Let `l_(1) and l_(2)` be the lengths of aluminum and steel wires , respectively .
Given ` l _(1) = 0.6 m , l_(1) + l_(2) = 1.5 m`
`:. L_(2) = 1.5 - 0.6 = 0.9 m`
If aluminium wire vibrates in `p_(1)` loops and steel wire in `p_(2)` loops , then frequency `n` is given by
`n = n_(1) = (P_(1))/( 2l_(1)) sqrt (((T)/( m_(1)))) = (P_(1))/( 2l_(1)) sqrt (((T)/(A rho_(1))))`
Also , `n = n_(2) = (P_(2))/( 2l_(2)) sqrt (((T)/( m_(2)))) = (P_(2))/( 2l_(2)) sqrt (((T)/(A rho_(2))))`
`:. (P_(1))/(P_(2)) = (l_(1))/( l_(2)) sqrt(((rho_(1))/( rho_(2)))) = ( 0.6)/(0.9) sqrt(((2.6 xx 10^(3))/(1.04 xx 10^(4))))`
`:. P_(1) : P_(2) = 1 : 3`
The minimum number of loops in aluminimum wire ` = 1` and minimum number of loops in steel wire `= 3`.
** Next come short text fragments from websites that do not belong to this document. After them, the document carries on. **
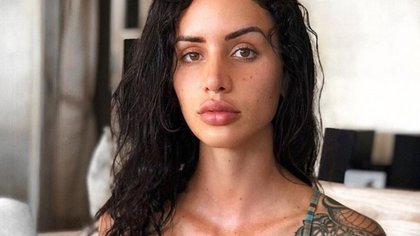 Influencer desató la polémica: Hizo una bikini con barbijos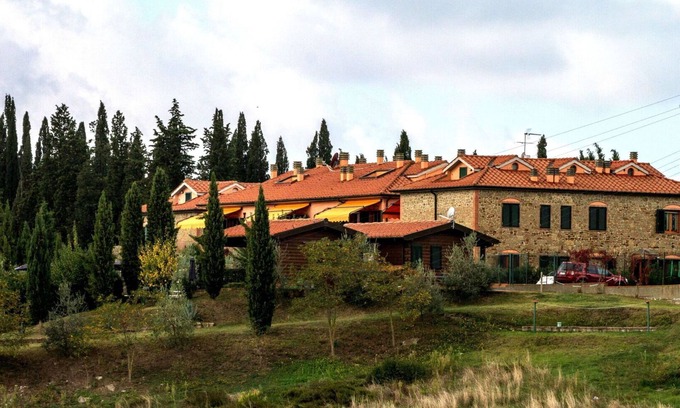 Sughera Apartment | Cosy apartment with WIFI, pool, A/C, TV, veranda and panoramic view, close to San Gimignano
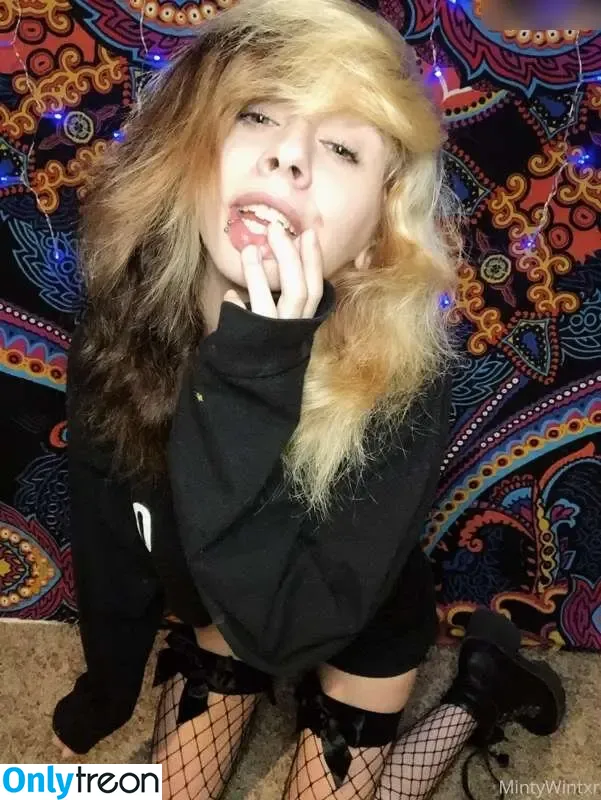 mintysesh nude photo #1771 (mintysesh)
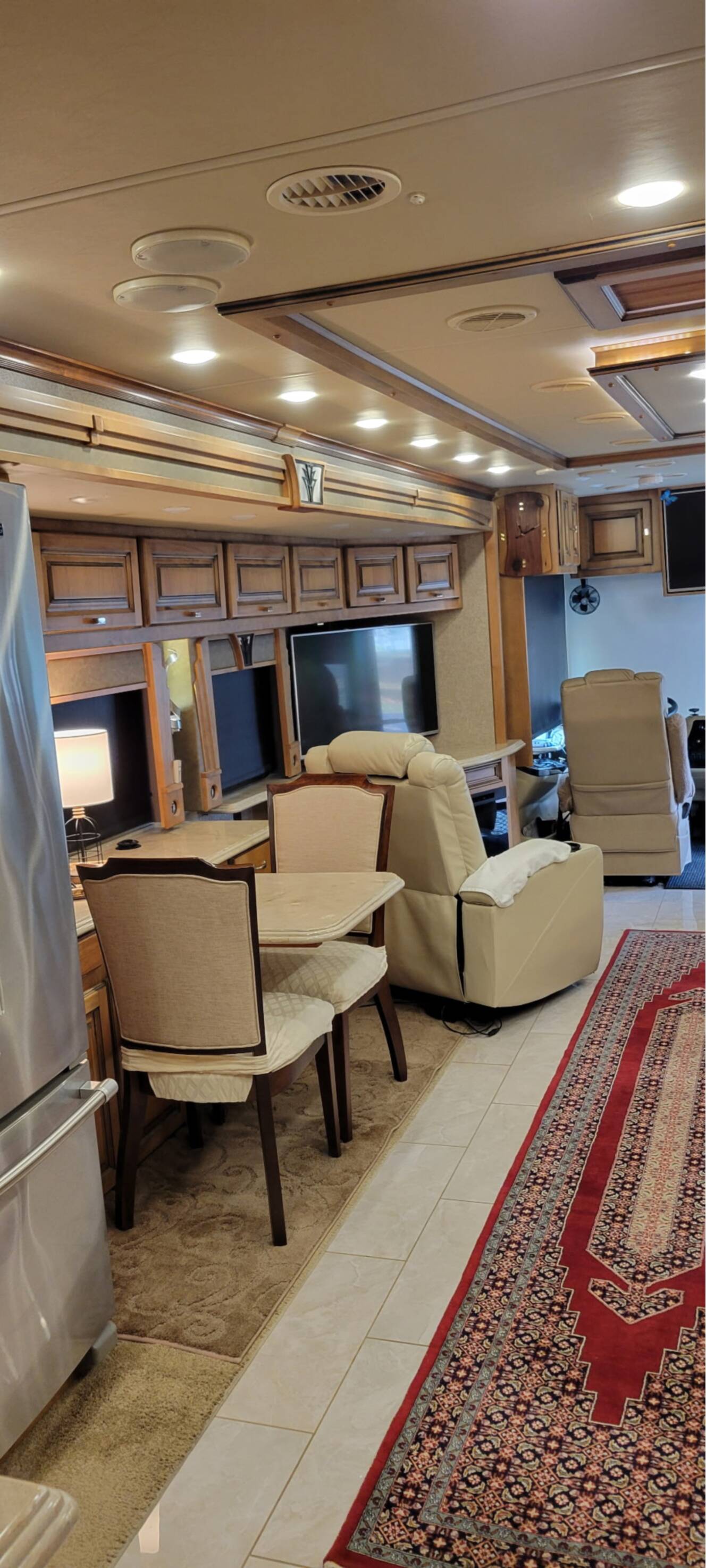 A photo of this 2017 Tiffin Motorhomes PHAETON 40 QBH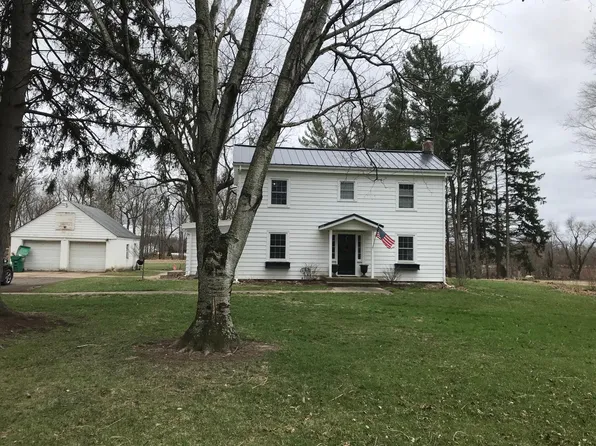 29457 Redfield St, Niles, MI 49120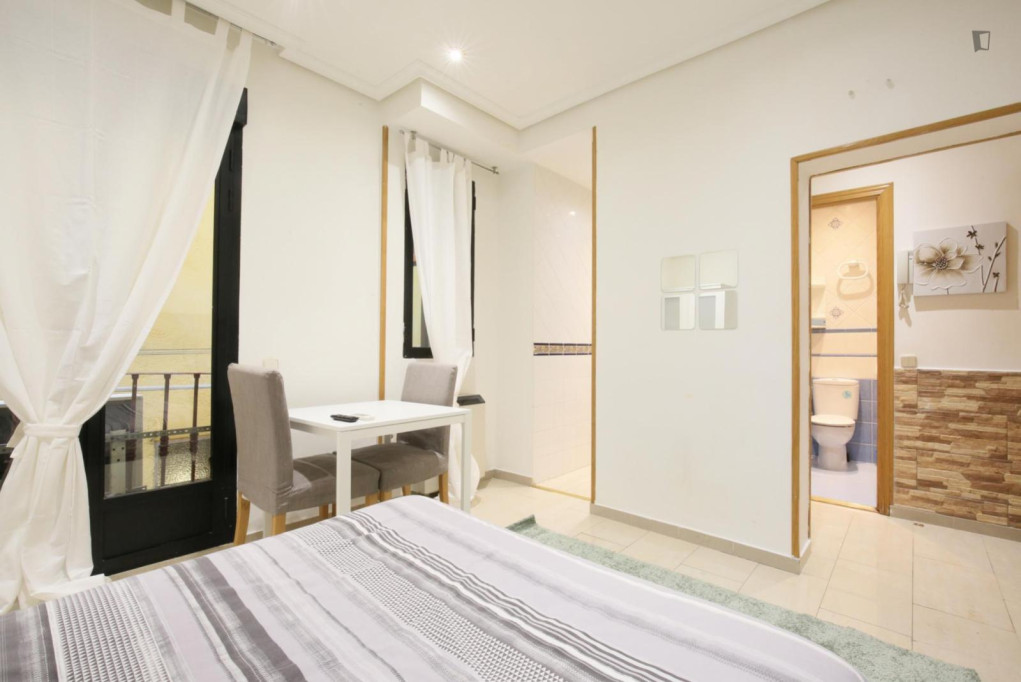 Charismatic studio in Malasaña Universidad - Madrid - chambre - ImmoJeune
The stationary vibratuions in composite wire as shown in Fig. 7.69. Obviously total number of nodes `= 5`.
The number of nodes excluding the two at the ends ` = 5 - 2 = 3` . Thus , the lowest frequency
` n = (1)/( 2 l_(1)) sqrt(((T)/( m_(1)))) = (1)/( 2 xx 0.6) sqrt (((10 xx 9.8)/( 1 xx 10^(-6) xx 2.6 xx 10^(3)))) = 162 Hz`